Thursday's EKOS poll shows an uptick in support for both the Conservatives and the New Democrats compared to two weeks ago, with the Liberals dropping more than two points.However, the picture is murkier when looking at the situation from week-to-week. Two weeks ago, the Conservatives were at 33.1%. That fell to 31.8% last week but rose to 34.4% this week.

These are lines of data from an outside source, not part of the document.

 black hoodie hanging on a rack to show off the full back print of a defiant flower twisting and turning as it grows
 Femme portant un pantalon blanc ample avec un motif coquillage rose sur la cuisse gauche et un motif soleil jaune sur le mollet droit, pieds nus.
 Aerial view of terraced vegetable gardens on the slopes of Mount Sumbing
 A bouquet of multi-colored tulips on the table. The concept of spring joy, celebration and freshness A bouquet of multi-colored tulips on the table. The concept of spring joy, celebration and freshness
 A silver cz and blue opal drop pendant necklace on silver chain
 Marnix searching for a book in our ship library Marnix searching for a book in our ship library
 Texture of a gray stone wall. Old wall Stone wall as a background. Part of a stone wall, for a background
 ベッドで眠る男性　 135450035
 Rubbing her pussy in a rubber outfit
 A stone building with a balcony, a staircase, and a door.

So, for the Tories at least, their numbers are just oscillating back and forth.
For the Liberals, they are down 2.1 points from two weeks ago, but are actually up 0.2 points from last week with 27.8%.

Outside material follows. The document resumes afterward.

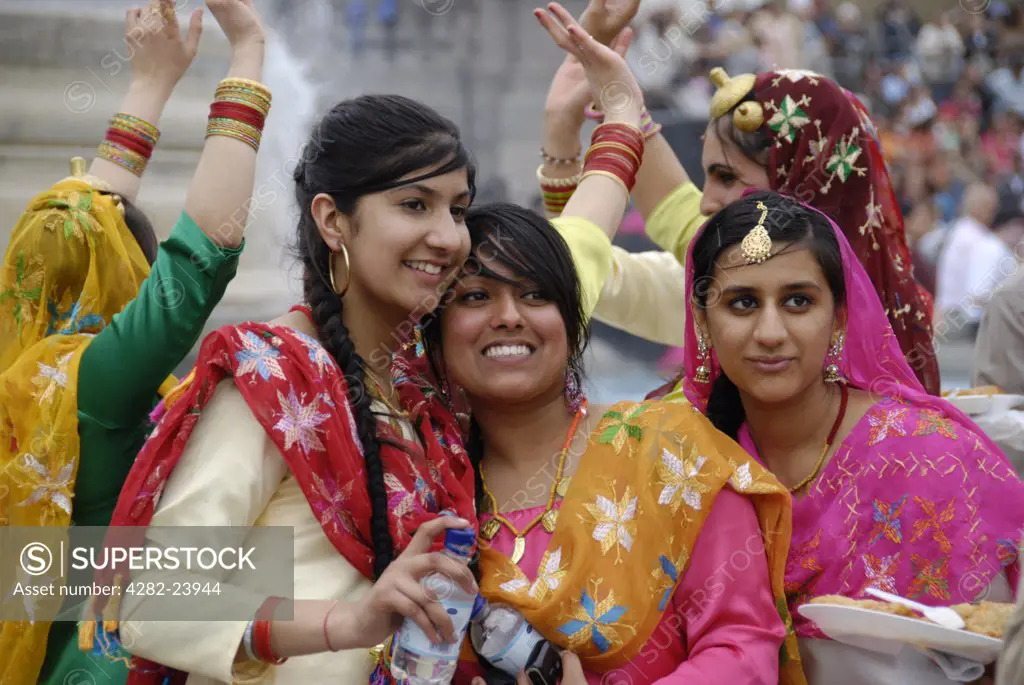 England, London, Trafalgar Square. Sikh female dancers in colourful traditional costumes at the 2008 Vaisakhi Sikh New Year Festival.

The New Democrats went from 13.5% two weeks ago to 16.5% last week and now 15.8%. However, those last two numbers are within the norm for the NDP, a good sign after their disastrous result two weeks ago.
The Greens stand at 10.4% (down 0.8 from last week) while the Bloc Québécois is at 9.3%.
The Conservatives hold the edge among men with 40% to the Liberals' 29%, but the Liberals lead among women with 30% to the Conservatives' 26%. A gender divide, to say the least.
The race is very close in Ontario, and this has been consistent over the last two weeks. The Conservatives lead with 37.8%, compared to 34.2% last week. The Liberals follow with 37.3%, as opposed to 35.1%. So the two parties are trading leads back and forth. The NDP is down to 14.3%, but was at 17% last week, while the Greens are at 9.5%. The Liberals lead in both Toronto and Ottawa with 44% and 38%, respectively. The Conservatives trail with 36% and 35%, respectively. This Liberal lead in the nation's capital has been pretty solid for the past few months.
In Quebec, the Bloc leads with 37%, down 1.8 points from last week. The Liberals follow with 24%, up two, and the Conservatives stand in third with only 13.7%. That is a drop of 1.3 points from last week, and well below where they need to be. The Greens stand at 12.7%, ahead of the NDP. The Bloc leads in Montreal with 39%, with the Liberals following at 27%.
The Conservatives are way ahead in British Columbia with 40.9%, up over 12 points from last week. The NDP trails with 23.5% (down 6.5) while the Liberals are struggling with 16.3%. The Greens stand at 15.2%. The Conservatives lead in Vancouver with 44%, with the NDP well behind at 20%.
The Liberals lead in Atlantic Canada with 37%, up about six points from last week. The NDP is second with 30.9%, up 10.
The Conservatives lead in Alberta and the Prairies with 61.8% and 45%, respectively. The Liberals are second in Alberta with 15% while the NDP trails in the Prairies with 21.1%.
With these poll results, the Conservatives would win 75 seats in the West and North, 48 in Ontario, seven in Atlantic Canada, and four in Quebec for a total of 134.
The Liberals would win 47 in Ontario, 19 in Atlantic Canada, 17 in Quebec, and nine in the West and North for a total of 92.
The Bloc would win 53 seats in Quebec.
The NDP would win 11 seats in the West, 11 in Ontario, six in Atlantic Canada, and one in Quebec for a total of 29.
It does seem that the Conservatives have managed to re-create a gap between themselves and the Liberals that is greater than the margin of error. But the race is still very close in Ontario, where the real electoral battle will be waged. Take away the big Conservative gain in British Columbia and this poll becomes very close indeed. But the Tories are where they need to be: a decent lead that can be built upon in an electoral campaign.